Pat Buchanan is back in the presidential campaign saddle again, leaving a trail of racist, xenophobic and anti-Semitic rhetorical dung behind him wherever he goes.
But unlike in his two previous runs, this time around virtually no one seems willing to call him on it. Not the press, not the commentators and, most significantly, not his fellow Republicans. This week, as rumors intensify that Buchanan may bolt for the Reform Party, thereby becoming a significant factor in the presidential race, the silence has become deafening.

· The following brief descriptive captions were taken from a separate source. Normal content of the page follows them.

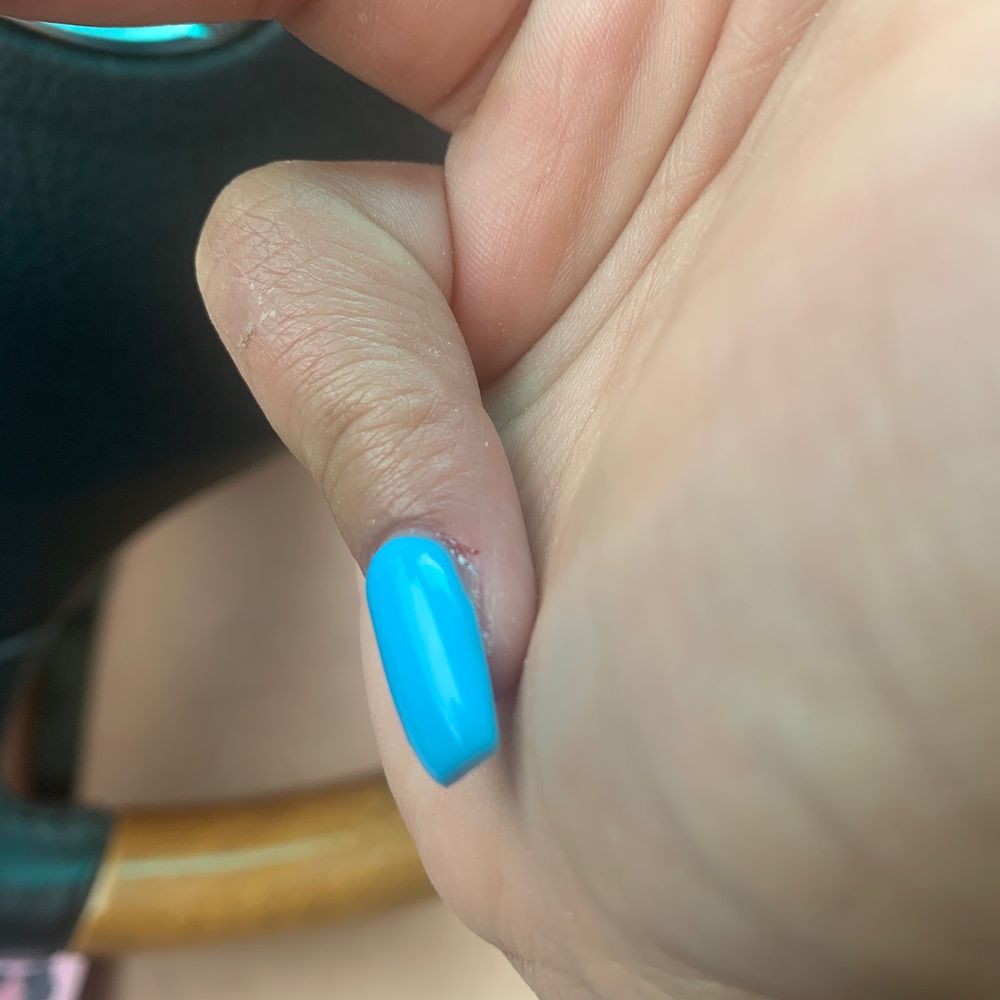 The Elegant Nails and Spa - My cuticles bled. - Nail Salons Near Me - Parker, Colorado The Elegant Nails and Spa - My cuticles bled. - Nail Salons Near Me - Parker, Colorado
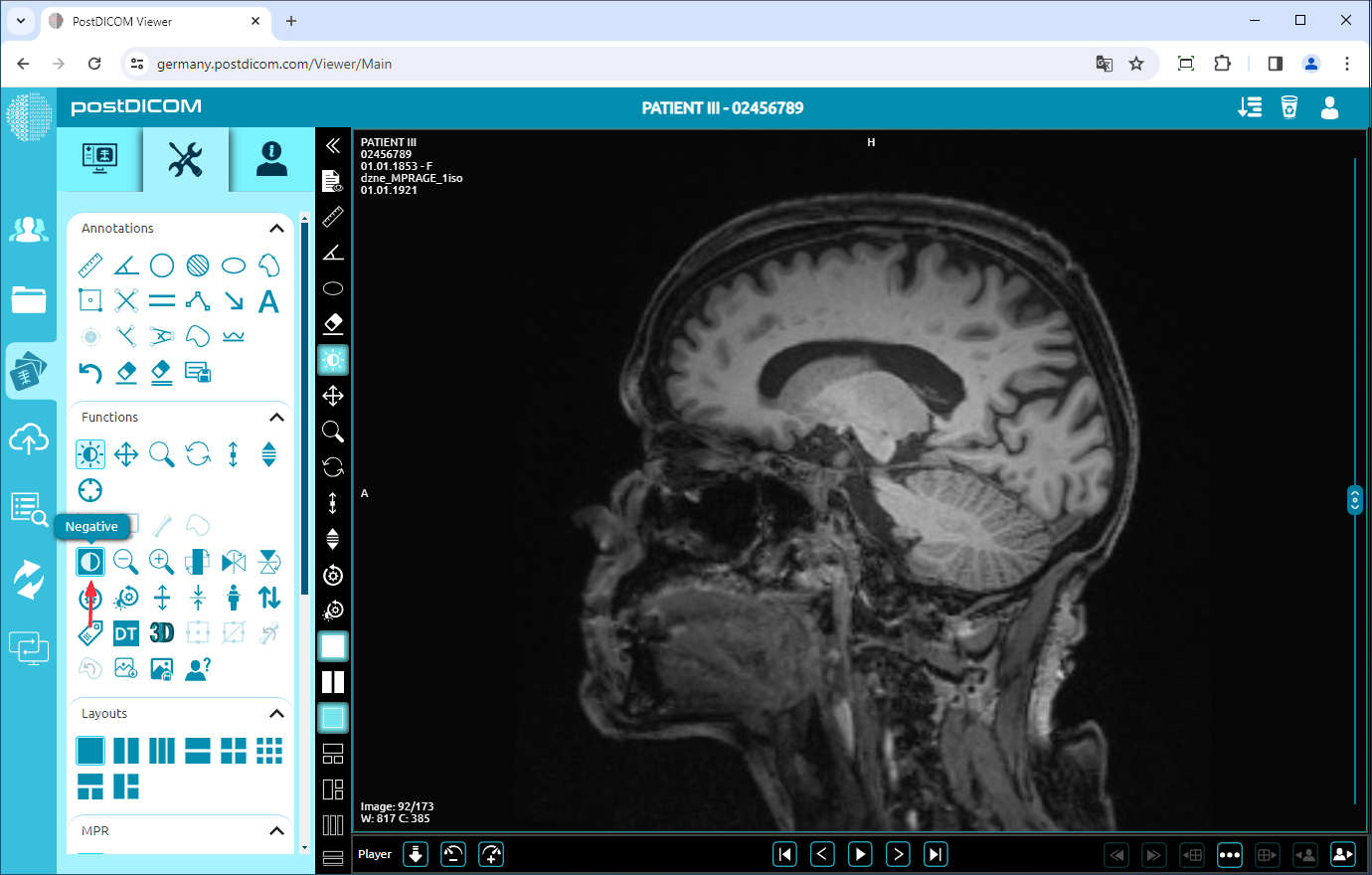 Using Negate, Rotate, Flip Vertical/Horizontal, Increase/Decrease Thickness, Zoom In/Out, Reset Functions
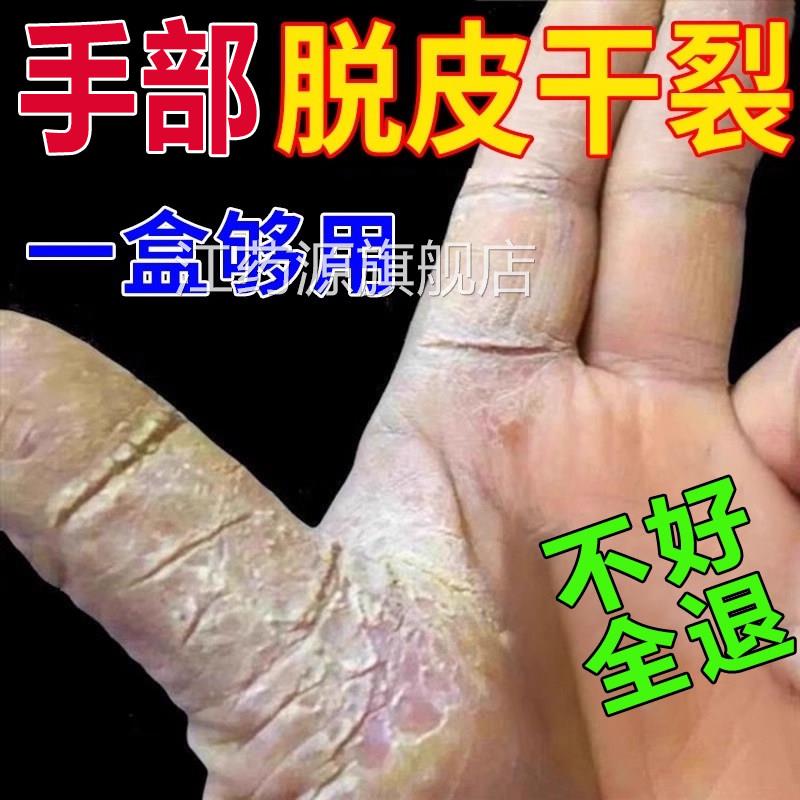 毒癣康膏脱皮足干裂真菌感染手癣专药监备案去湿疹止痒根皮肤病th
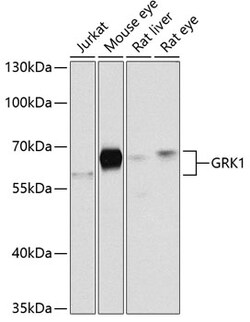 Invitrogen GRK1 Polyclonal Antibody 100 &mu;L; Unconjugated:Antibodies,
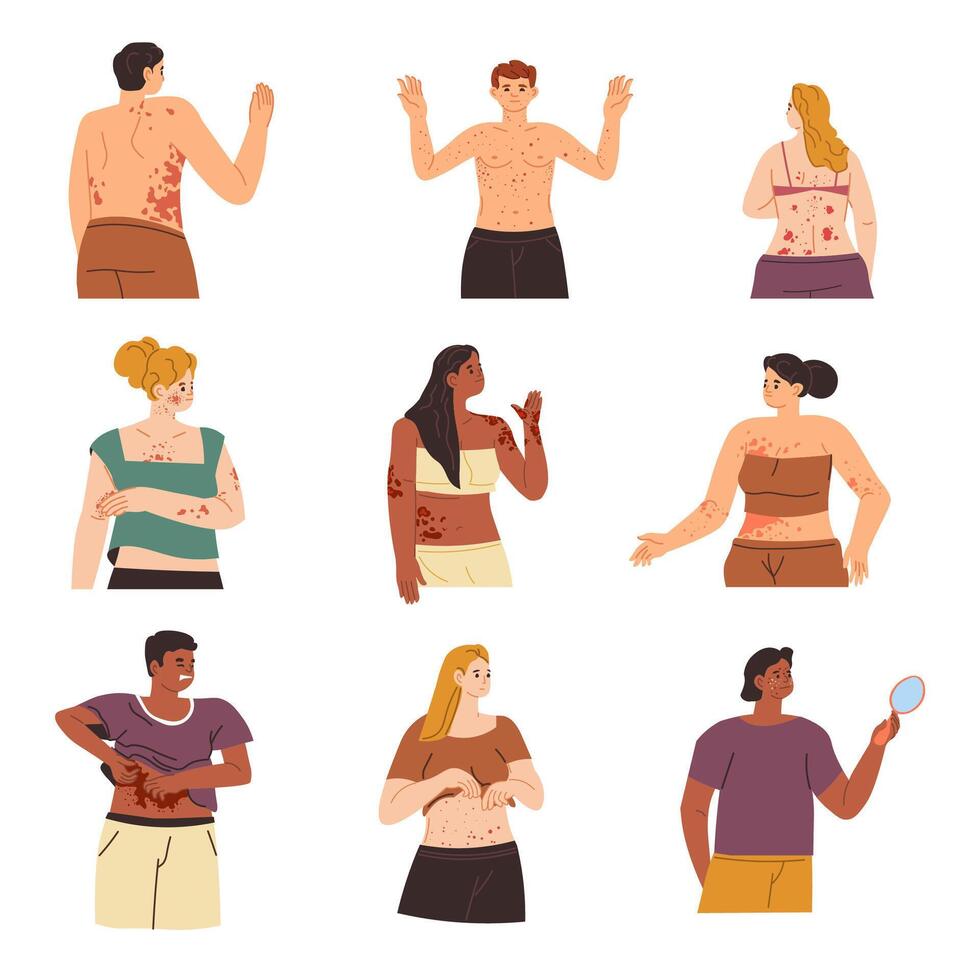 People with Skin Rash Set vector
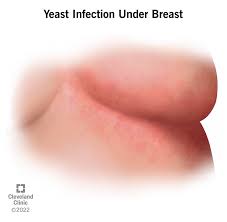 Image result for Intertrigo under breasts
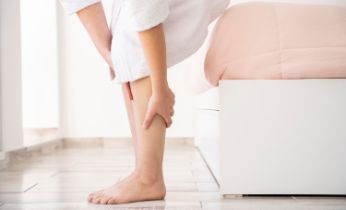 Varices ¿Cómo prevenir su aparición?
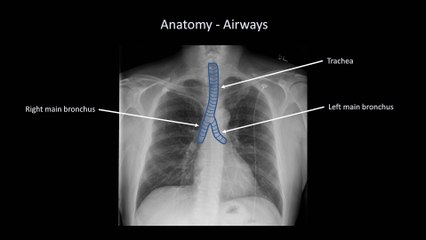 How to Interpret a Chest X-Ray (Lesson 2 - A Systematic Method and Anatomy)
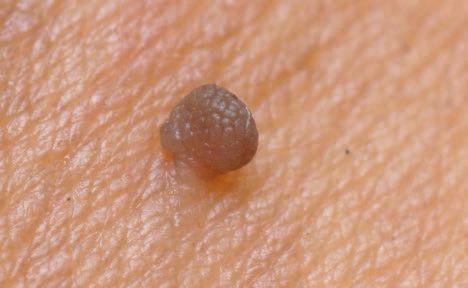 Seborrheic Keratoses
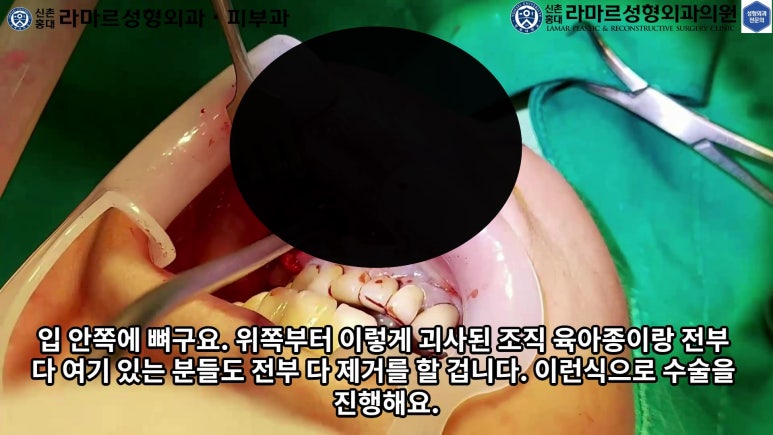 파라핀 필러 입 안 절개로 흉터없이 빼내기! 관련 이미지 26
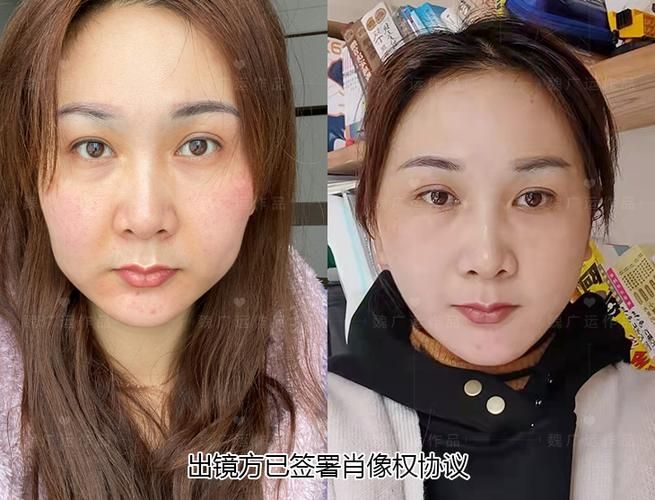 最简单瘦脸方法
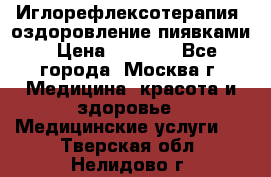 Иглорефлексотерапия, оздоровление пиявками › Цена ­ 3 000 - Все города, Москва г. Медицина, красота и здоровье » Медицинские услуги   . Тверская обл.,Нелидово г.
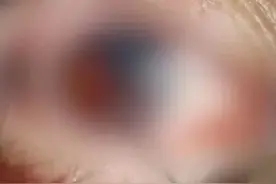 女孩眼球破裂、天花板被打穿……保温杯+枸杞红枣=定时“炸弹”图片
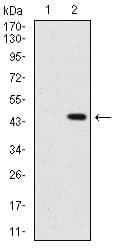 Monoclonal Mouse anti-Human SHH / Sonic Hedgehog Antibody (clone 5H4, IHC, WB)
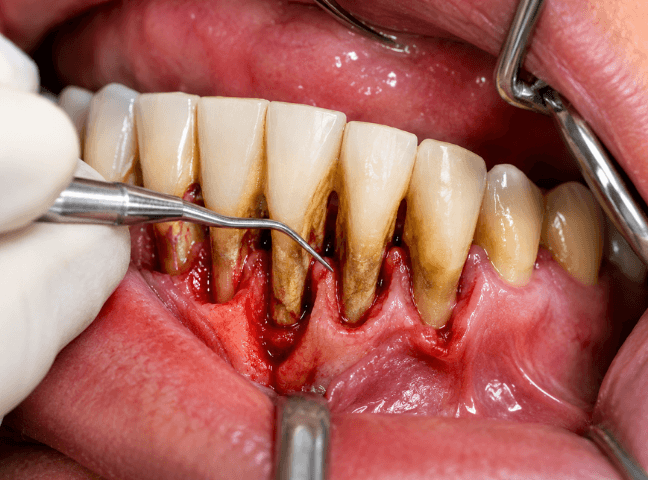 Periodontics Near Me In Jenkintown, PA - Best Dental Clinic For All Dental Treatment Near Me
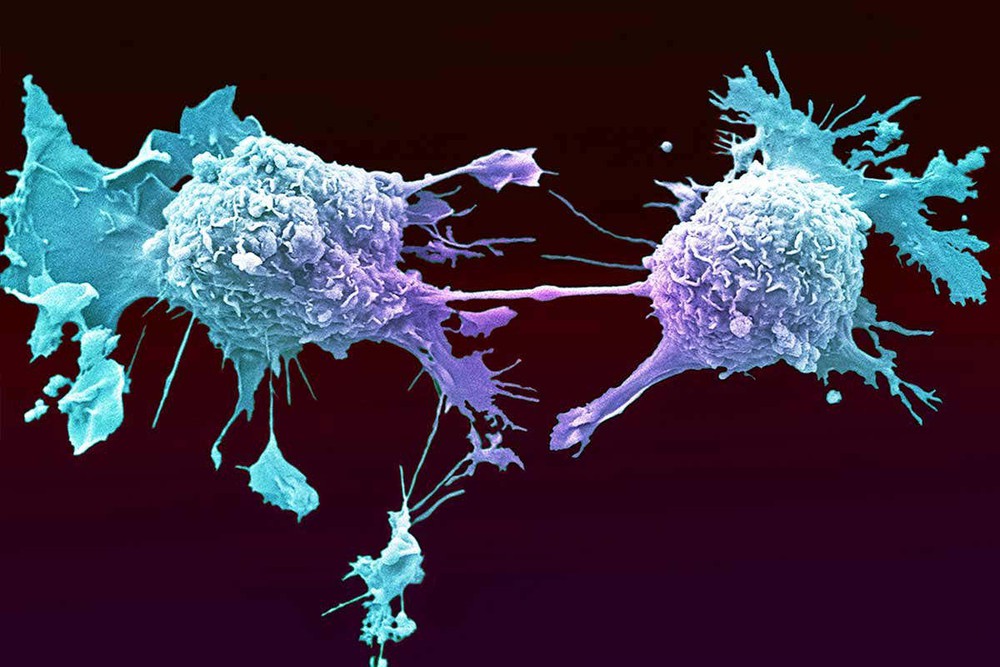 Cải thiện hệ miễn dịch là thuốc chống ung thư tốt nhất: Cơ thể sẽ tự tiêu diệt tế bào xấu - Ảnh 2.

"There's no doubt he makes subliminal appeals to prejudice," says conservative columnist Charles Krauthammer, one of the few members of the news media willing to speak out about Buchanan's bigotry. "He tries to be subtle, the comments are not direct appeals to prejudice, which is one of the reasons he gets away with it." But the subtle appeal, Krauthammer argues, "is very much heard by his audience."
Subtle, but not too subtle.
You knew who Buchanan was talking about, for example, during the week of the Iowa straw poll when he blamed the farm crisis on "New York bankers" and "the money boys up in New York."
He didn't say "money-grubbing kikes," but it was there, lurking in the subtext.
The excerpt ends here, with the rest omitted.